最後に「幸福とは自力か他力か」。アリストテレスは『二コマコス倫理学』の中で幸福とは「祝福」であると言っている。人は人を祝福するとき「おめでとう」と声をかける。「同じおめでとうでも合格おめでとうなら自力だけど、誕生日おめでとうや新年おめでとうだと個人の力量を超えたところにあります」そうやって考えると、幸福には自力も他力もあるということになる。問題は、今後テクノロジーの進歩によって起きるであろう「自力範囲の拡大」。選択肢が増えるのはいいことのようで、逆に言えば「あきらめなきゃいけないことも増える」。そうなったとき、我々はどんな価値観を持って生きるべきか。

「いずれ人間はそういうことを考え直してみる必要に迫られるでしょうね」

日々多忙な荻野教授。
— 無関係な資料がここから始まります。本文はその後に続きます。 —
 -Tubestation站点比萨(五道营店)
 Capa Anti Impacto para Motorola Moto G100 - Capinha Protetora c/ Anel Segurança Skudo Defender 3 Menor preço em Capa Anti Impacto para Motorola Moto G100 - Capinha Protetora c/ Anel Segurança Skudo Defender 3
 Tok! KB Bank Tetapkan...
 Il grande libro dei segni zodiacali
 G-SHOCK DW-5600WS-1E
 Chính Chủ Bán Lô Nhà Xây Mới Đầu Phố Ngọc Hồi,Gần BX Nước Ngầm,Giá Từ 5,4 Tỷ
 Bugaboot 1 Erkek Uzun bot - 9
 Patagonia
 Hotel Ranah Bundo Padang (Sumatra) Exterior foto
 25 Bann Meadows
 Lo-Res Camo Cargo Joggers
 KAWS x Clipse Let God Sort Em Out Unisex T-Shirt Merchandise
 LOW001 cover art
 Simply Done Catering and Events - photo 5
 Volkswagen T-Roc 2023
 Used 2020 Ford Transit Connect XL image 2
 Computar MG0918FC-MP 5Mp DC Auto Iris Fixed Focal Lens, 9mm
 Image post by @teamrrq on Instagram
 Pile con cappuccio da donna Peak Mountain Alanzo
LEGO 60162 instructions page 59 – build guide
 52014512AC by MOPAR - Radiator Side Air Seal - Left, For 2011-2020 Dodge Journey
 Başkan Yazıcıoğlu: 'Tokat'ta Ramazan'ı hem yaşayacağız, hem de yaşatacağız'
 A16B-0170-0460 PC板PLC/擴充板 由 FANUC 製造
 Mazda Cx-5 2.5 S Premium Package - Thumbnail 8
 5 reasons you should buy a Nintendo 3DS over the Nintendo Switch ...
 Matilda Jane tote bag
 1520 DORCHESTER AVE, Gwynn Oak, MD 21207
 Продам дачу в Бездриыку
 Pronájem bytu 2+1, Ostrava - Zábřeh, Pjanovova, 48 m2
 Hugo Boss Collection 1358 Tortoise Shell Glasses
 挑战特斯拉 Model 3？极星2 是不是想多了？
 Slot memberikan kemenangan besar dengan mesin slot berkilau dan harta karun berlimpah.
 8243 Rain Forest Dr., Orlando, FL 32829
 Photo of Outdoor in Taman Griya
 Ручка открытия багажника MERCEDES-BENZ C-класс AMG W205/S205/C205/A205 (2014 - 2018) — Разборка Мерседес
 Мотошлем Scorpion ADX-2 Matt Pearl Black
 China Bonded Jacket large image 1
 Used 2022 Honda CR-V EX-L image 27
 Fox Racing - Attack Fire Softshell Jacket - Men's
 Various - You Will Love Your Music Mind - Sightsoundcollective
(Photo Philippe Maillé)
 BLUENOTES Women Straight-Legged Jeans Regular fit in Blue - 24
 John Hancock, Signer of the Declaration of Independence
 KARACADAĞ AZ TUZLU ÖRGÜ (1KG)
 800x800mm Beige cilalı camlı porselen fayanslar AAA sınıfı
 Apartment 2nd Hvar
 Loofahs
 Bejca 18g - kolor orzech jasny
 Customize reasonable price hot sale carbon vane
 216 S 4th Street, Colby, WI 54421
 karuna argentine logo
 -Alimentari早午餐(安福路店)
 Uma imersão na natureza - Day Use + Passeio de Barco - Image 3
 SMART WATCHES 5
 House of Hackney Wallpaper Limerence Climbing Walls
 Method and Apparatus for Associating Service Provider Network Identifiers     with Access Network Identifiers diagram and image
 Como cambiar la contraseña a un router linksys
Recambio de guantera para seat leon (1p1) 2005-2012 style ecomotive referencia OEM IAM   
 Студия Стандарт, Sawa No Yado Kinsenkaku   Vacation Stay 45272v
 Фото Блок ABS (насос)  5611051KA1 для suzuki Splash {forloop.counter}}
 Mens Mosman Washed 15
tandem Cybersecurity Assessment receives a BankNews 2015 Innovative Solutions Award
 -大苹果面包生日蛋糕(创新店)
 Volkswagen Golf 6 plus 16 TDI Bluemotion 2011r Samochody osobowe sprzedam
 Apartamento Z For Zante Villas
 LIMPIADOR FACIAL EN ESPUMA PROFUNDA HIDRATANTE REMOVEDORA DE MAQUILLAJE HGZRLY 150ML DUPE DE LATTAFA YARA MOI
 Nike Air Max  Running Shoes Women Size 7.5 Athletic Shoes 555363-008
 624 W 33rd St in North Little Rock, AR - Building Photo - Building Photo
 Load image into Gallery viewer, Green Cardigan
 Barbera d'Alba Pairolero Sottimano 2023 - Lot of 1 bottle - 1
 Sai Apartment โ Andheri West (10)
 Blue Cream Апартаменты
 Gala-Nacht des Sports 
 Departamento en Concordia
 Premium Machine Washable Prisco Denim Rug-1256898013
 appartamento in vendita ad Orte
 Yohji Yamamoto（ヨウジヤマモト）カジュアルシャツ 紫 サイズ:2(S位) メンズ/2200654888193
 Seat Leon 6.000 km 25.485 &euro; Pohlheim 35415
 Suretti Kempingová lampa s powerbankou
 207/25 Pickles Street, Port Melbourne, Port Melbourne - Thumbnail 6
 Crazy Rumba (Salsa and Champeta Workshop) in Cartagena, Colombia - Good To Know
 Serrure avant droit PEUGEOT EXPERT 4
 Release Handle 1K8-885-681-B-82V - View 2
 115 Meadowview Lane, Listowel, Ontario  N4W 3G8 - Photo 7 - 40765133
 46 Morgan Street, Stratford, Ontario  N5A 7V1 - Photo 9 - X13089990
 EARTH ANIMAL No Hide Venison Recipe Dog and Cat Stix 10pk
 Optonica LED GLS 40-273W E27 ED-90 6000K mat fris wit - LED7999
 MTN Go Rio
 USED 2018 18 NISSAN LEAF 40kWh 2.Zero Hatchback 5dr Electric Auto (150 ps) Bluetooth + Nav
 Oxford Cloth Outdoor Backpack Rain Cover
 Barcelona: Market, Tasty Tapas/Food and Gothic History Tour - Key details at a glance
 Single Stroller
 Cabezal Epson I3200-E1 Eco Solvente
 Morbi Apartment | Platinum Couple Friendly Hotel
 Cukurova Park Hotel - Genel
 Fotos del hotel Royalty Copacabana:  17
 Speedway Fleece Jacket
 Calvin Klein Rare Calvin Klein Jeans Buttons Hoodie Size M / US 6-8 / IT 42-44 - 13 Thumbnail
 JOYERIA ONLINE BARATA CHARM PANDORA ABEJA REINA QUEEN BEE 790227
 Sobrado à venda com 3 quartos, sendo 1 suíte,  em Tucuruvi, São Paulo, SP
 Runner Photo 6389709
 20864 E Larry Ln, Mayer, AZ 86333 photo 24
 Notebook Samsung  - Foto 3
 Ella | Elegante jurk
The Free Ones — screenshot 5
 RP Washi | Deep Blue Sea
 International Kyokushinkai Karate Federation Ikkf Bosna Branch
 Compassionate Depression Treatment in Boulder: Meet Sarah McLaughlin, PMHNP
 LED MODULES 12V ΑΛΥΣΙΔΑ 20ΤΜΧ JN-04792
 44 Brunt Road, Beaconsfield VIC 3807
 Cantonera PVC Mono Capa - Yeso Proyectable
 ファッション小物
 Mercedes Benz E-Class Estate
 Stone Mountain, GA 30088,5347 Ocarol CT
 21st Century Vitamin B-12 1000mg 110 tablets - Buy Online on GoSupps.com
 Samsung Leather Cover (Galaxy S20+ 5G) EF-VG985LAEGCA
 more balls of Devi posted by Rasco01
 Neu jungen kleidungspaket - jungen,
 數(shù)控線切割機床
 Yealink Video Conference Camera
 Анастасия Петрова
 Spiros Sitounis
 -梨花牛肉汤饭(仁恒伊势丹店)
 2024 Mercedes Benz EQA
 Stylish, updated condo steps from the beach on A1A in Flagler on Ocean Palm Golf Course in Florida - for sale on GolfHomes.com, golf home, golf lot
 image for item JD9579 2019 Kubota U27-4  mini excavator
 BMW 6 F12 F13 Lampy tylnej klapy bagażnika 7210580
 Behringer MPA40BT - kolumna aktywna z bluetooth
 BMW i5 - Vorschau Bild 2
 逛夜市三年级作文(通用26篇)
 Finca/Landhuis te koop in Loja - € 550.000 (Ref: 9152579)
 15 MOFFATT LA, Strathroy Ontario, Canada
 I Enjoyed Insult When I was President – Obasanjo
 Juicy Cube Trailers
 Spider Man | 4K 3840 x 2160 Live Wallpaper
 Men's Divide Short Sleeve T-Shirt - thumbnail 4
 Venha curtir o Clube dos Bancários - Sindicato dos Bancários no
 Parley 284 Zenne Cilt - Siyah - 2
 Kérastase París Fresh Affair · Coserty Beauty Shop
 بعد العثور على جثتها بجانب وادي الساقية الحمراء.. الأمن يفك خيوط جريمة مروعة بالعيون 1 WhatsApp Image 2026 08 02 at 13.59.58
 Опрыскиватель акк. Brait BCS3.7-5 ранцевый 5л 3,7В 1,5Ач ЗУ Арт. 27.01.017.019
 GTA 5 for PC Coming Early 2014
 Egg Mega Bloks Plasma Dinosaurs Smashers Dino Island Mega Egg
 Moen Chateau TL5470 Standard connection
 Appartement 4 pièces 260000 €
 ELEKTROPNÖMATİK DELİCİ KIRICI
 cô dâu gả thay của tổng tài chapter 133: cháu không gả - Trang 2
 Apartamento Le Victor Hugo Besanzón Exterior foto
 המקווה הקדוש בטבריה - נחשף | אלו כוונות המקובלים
現在の「夢」は「幸福」の問題も盛り込んだ新著を出すことだという。
「2、3年以内には出したいと思います」

講師紹介

荻野 弘之(おぎの ひろゆき)
荻野 弘之(おぎの ひろゆき)
上智大学文学部哲学科教授
1957年東京生まれ。東京大学文学部哲学科卒業、同大学院博士課程中退。東京大学教養学部助手、東京女子大学助教授を経て、99年より現職。西洋古代・中世哲学専攻。著書に『哲学の饗宴』『哲学の原風景』(NHK出版)、『精神の城塞』(岩波書店)、『西洋哲学の起源』(放送大学教育振興会)などがある。